Bref, plus la droite arrivera au pouvoir avec des slogans simplistes, démagogiques, moins elle réussira. Et si, en particulier, moi, je suis opposé à toute forme de rapprochement avec le Front National, ce n'est pas par réflexe, ce n'est pas parce que ce serait un totem, mais c'est parce que le programme du Front National, que j'ai analysé dans un livre précédemment, il est la synthèse de ce qui ne fonctionnerait pas au plan politique. Il promet tout et son contraire. Il ne promet rien de précis. C'est vraiment un programme qui est fondé sur la démagogie, le simplisme et qui aboutirait à une forme d'échec politique magistral. Une question de Patricia Martin.

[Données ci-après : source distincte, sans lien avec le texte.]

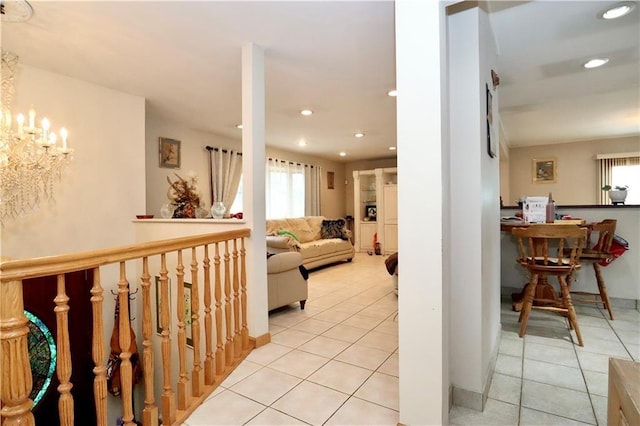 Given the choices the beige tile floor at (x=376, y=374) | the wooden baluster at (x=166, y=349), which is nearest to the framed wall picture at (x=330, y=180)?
the beige tile floor at (x=376, y=374)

Oui, il a été plutôt discret ces temps-ci, mais il pourrait peut-être réapparaître avant les élections européennes. C'est Alain Juppé, ministre éphémère de l'environnement de Nicolas Sarkozy. S'il revenait, est-ce que vous pensez que ça pourrait le tenter, par exemple, d'être Premier ministre bis du gouvernement ? Sergé de l'écologie, peut-être ? Oui, pourquoi pas.

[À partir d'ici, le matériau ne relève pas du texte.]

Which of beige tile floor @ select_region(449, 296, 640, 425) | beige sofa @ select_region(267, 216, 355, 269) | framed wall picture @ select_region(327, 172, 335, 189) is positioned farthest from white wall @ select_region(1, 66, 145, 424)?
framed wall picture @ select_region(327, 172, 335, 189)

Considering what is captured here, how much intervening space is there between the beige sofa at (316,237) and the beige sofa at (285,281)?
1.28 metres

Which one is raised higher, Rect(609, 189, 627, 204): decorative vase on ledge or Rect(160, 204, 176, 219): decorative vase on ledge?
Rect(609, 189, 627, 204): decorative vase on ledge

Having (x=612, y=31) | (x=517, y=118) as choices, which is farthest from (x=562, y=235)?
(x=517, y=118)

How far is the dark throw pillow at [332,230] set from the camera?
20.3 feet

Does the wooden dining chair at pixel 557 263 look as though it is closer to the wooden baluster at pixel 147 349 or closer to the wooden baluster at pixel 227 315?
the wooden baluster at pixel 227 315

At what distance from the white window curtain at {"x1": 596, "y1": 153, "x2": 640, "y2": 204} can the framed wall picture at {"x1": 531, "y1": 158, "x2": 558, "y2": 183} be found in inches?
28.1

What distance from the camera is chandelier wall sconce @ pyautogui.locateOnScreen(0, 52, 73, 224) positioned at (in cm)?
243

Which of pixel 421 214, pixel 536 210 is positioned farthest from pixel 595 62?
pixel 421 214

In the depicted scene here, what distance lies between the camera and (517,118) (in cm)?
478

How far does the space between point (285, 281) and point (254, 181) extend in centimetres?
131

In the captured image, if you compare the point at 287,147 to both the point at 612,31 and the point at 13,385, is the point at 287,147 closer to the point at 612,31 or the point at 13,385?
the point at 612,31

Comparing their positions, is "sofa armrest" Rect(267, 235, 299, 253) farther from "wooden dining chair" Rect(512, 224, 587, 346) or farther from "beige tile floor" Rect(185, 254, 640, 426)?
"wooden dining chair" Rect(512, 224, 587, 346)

Moi, je me suis toujours fait une doctrine de ne jamais parler au nom d'Alain Juppé, donc je ne vais pas commencer ce matin. Vous avez été son porte-parole pendant la campagne. Oui, d'accord. Là, il ne m'a pas demandé d'être son porte-parole ce matin. Je ne crois pas que ce type de responsabilité l'intéresse. Et faites attention
parce qu'il écoute France Inter. Si jamais vous dites des choses qui ne lui plaisent pas. Je ne crois pas
que ce type de responsabilité l'intéresse. Je crois que c'est quelqu'un qui est amoureux de sa ville, qui est amoureux de Bordeaux. Maintenant, Alain Juppé, il est surtout préoccupé aujourd'hui de ce que ses idées, les idées politiques qu'il a toujours portées tout au long de sa carrière, soient entendues, et un impact politique. Je crois que c'est ce à quoi il s'appelle aujourd'hui. Faire en sorte que la droite de gouvernement, cette alternative non populiste au pouvoir en place, puisse reprendre des couleurs, se structurer. On a la conviction assez paradoxale d'être majoritaire dans l'opinion et pourtant, complètement dispersé sur le champ politique et quasiment inaudible.
Je crois que c'est aujourd'hui sa priorité. Il nous reste quelques secondes. Je vais vous presser un peu pour avoir cette réponse. Hier ont eu lieu les universités d'été du parti Les Républicains sans son patron, Laurent Wauquiez. Comment vous interprétez cette absence ? Je ne sais pas. Il faudrait lui poser la question. Mais ce que je constate, c'est que les Républicains, qui sont un grand mouvement politique, qui incarne dans le spectre la droite républicaine, ne se sont pas vraiment relevés d'élections présidentielles, que Laurent Wauquiez a beaucoup de mal à s'établir comme le leader de cette famille politique. Probablement pour deux raisons et je m'arrête là.
La première, c'est qu'il ne rassemble pas. Et la deuxième, c'est qu'il ne fait pas de proposition. Merci beaucoup Maël Decalan. Je renvoie donc à votre dernier livre, La tentation populiste où va la droite ? C'est paru aux éditions de l'Observatoire. Merci beaucoup d'être passé ce matin sur France Inter. Et bonne journée. Il est 8h38.